Authors: Kramme E, Dalhoff K

ETIOLOGY:  The role of multidrug-resistant (MDR) pathogens in nosocomial infections is increasing. However national data in Germany do not show significant changes in the spectrum of pathogens in hospital-acquired pneumonia (HAP). The assessment of individual risk factors for MDR pathogens remains central for the selection of empiric antimicrobial therapy.
DIAGNOSTICS:  Thoracic ultrasound may be added as part of the diagnostic work-up and for the detection of complications. Procalcitonin and lactate testing are recommended for the diagnosis of sepsis/septic shock in addition to sepsis scores. Detection of influenza virus by PCR from respiratory samples is recommended during influenza season.

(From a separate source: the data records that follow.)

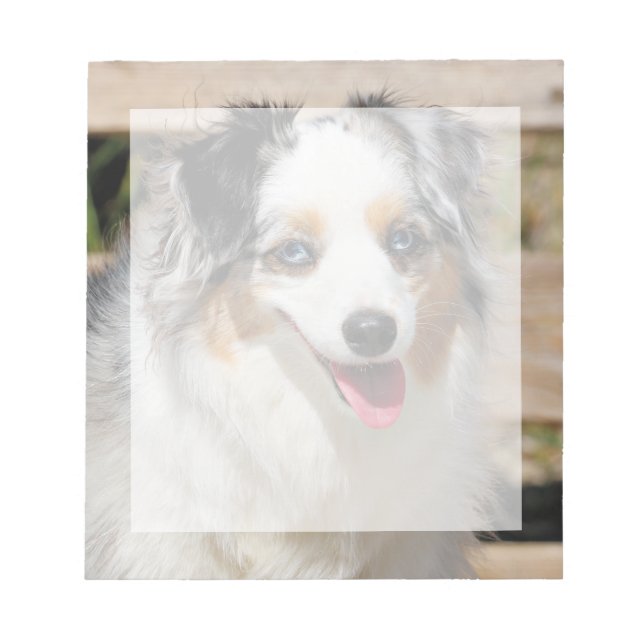 Bennett - Aussie Mini - Rosie - Carmel Beach Notizblock (Vorderseite)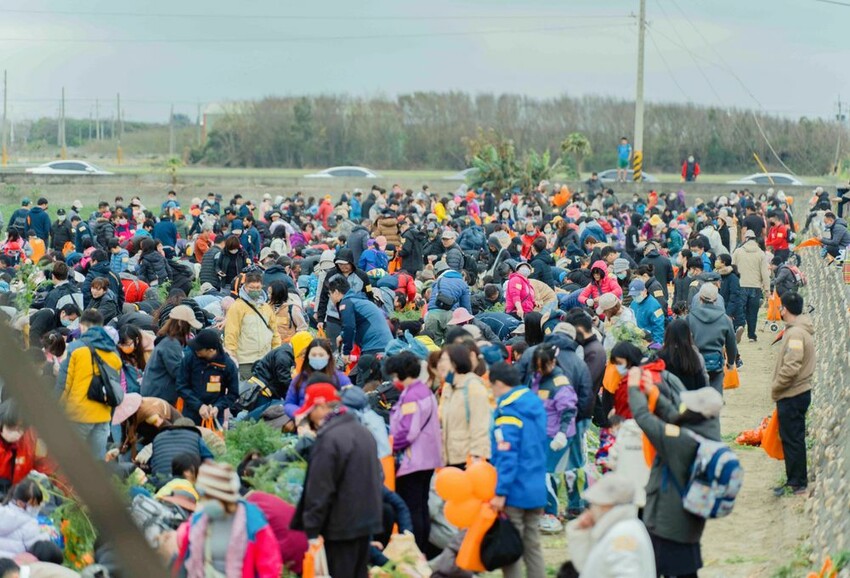 雲林東勢的萬人盛會!2025「國際台灣胡蘿蔔日」親子同樂拔蔔、逛市集 (4)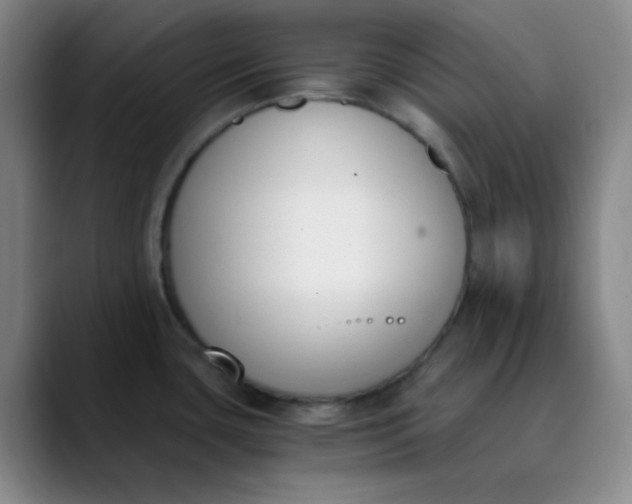 X0000089851435200707121710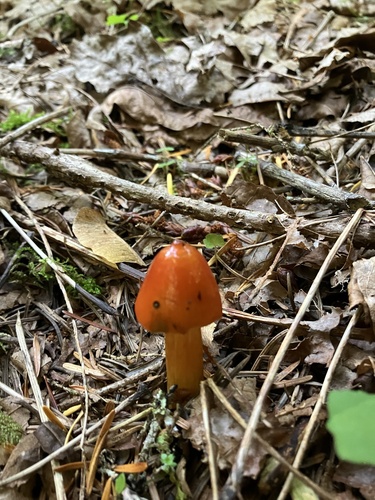 Western Witch's Hat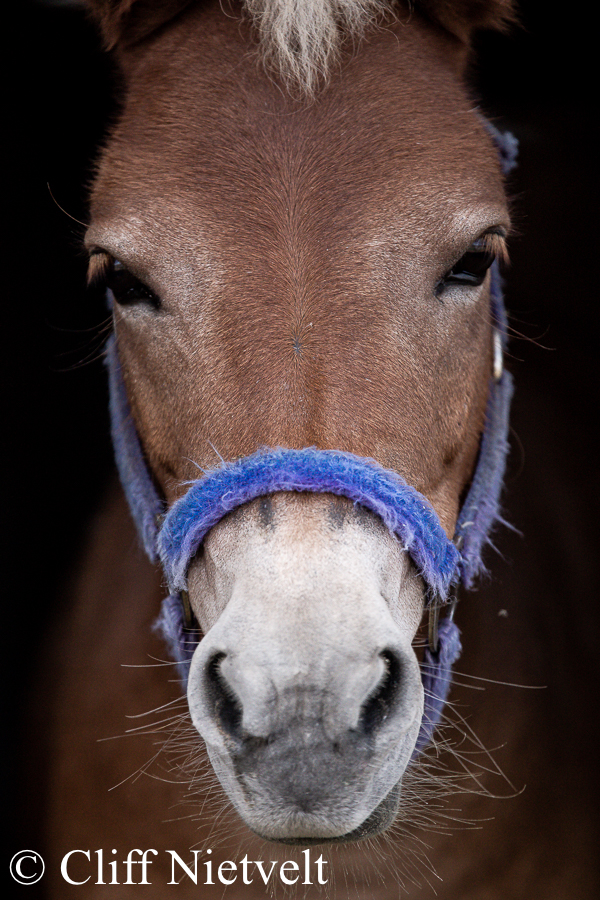 Donkey Portrait, REF: HORS021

ANTIMICROBIAL TREATMENT:  Empiric combination therapy is only recommended for patients with severe HAP (invasive ventilation, septic shock) and high risk of infection with MDR pathogens, since combination therapy has only been shown to be superior in this situation. Deescalation according to clinical and microbiological criteria is highly recommended. In patients with septic organ dysfunction/septic shock antibiotic dosing of adequately choosen betalactams according to Pk/Pd criteria is endorsed.
AEROSOLISED ANTIBIOTICS:  adjunctive aerosolised therapy should only be performed in experienced centres. This remains an option for patients with detection of MDR pathogens, who are not deemed successfully treatable with systemic therapy alone.